WHAT TO PRODUCE
Without the pictures, write out every entry that follows exactly.

RECORDS SHOWN
====

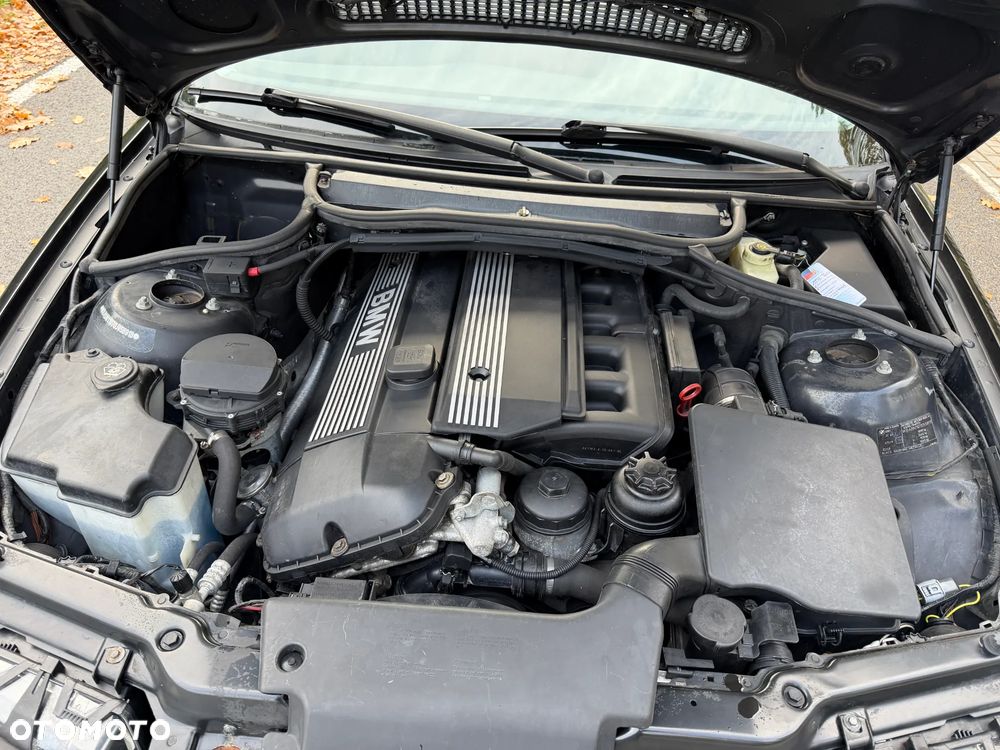 BMW Seria 3 - 22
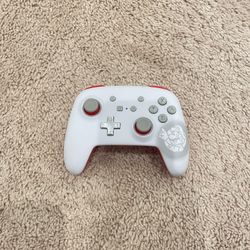 Nintendo Switch Controller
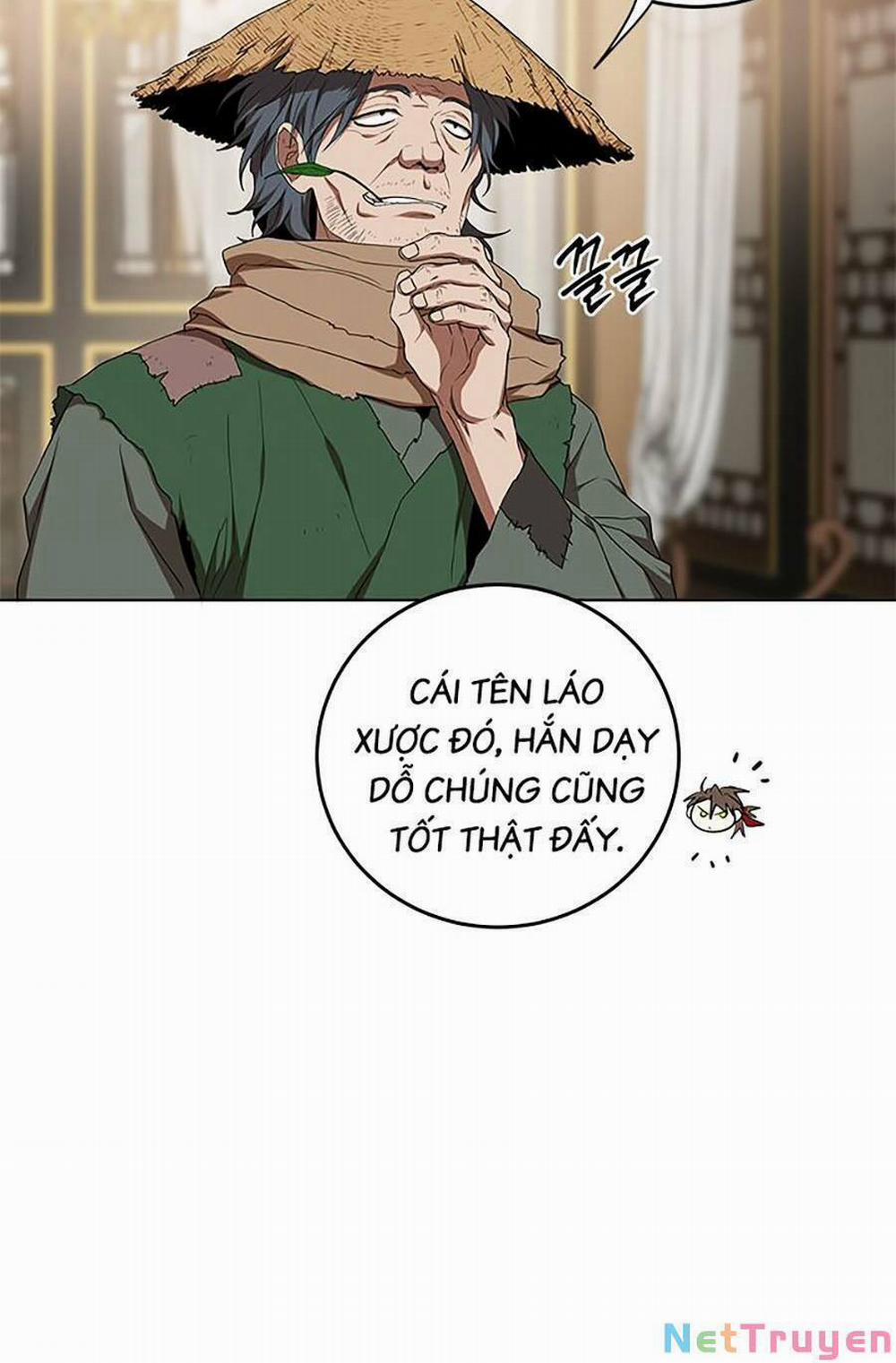 Võ Đang Kỳ Hiệp 96 trang 31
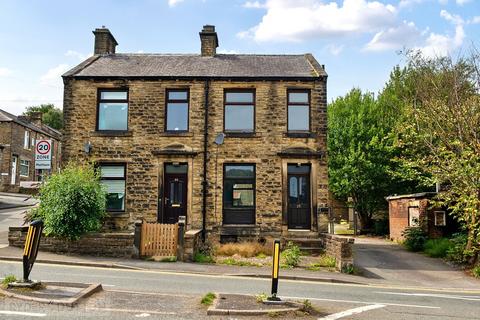 2 bedroom semi-detached house for sale, Station Street, Meltham, Holmfirth, West Yorkshire, HD9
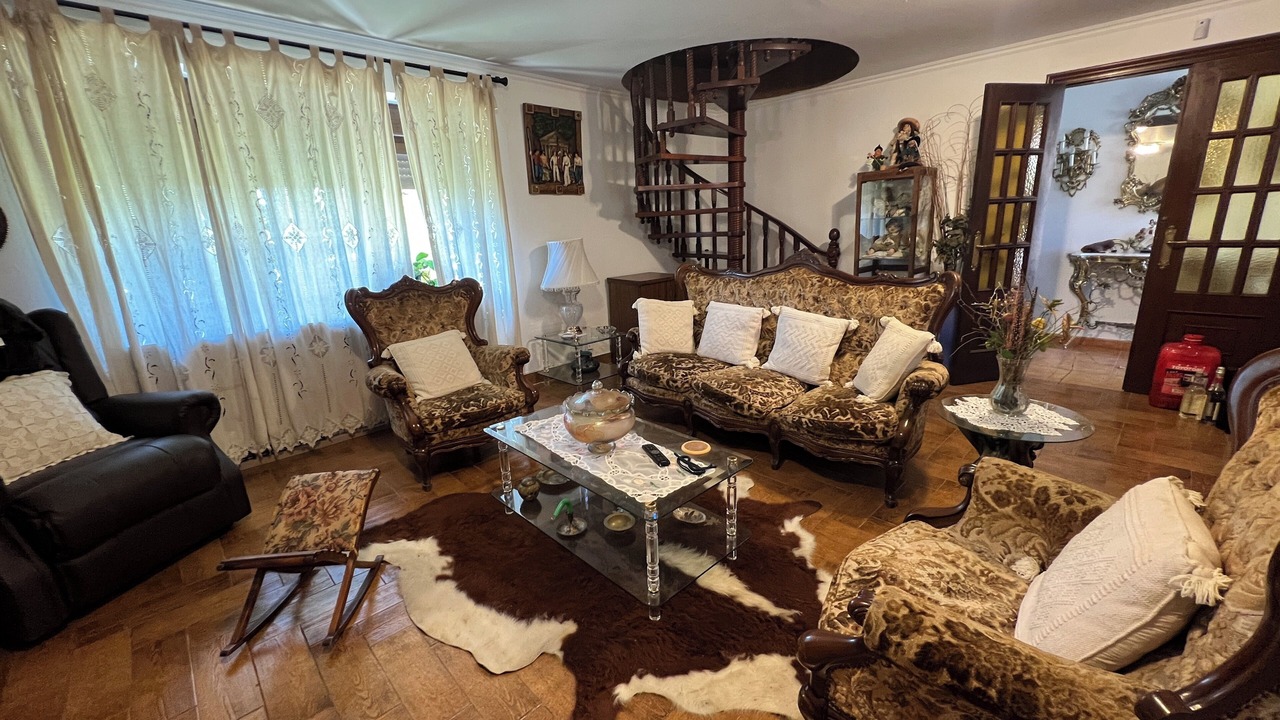 Photo of Livingroom in Monfero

====

ANSWER SECTION
 BMW Seria 3 - 22
 Nintendo Switch Controller
 Võ Đang Kỳ Hiệp 96 trang 31
 2 bedroom semi-detached house for sale, Station Street, Meltham, Holmfirth, West Yorkshire, HD9
 Photo of Livingroom in Monfero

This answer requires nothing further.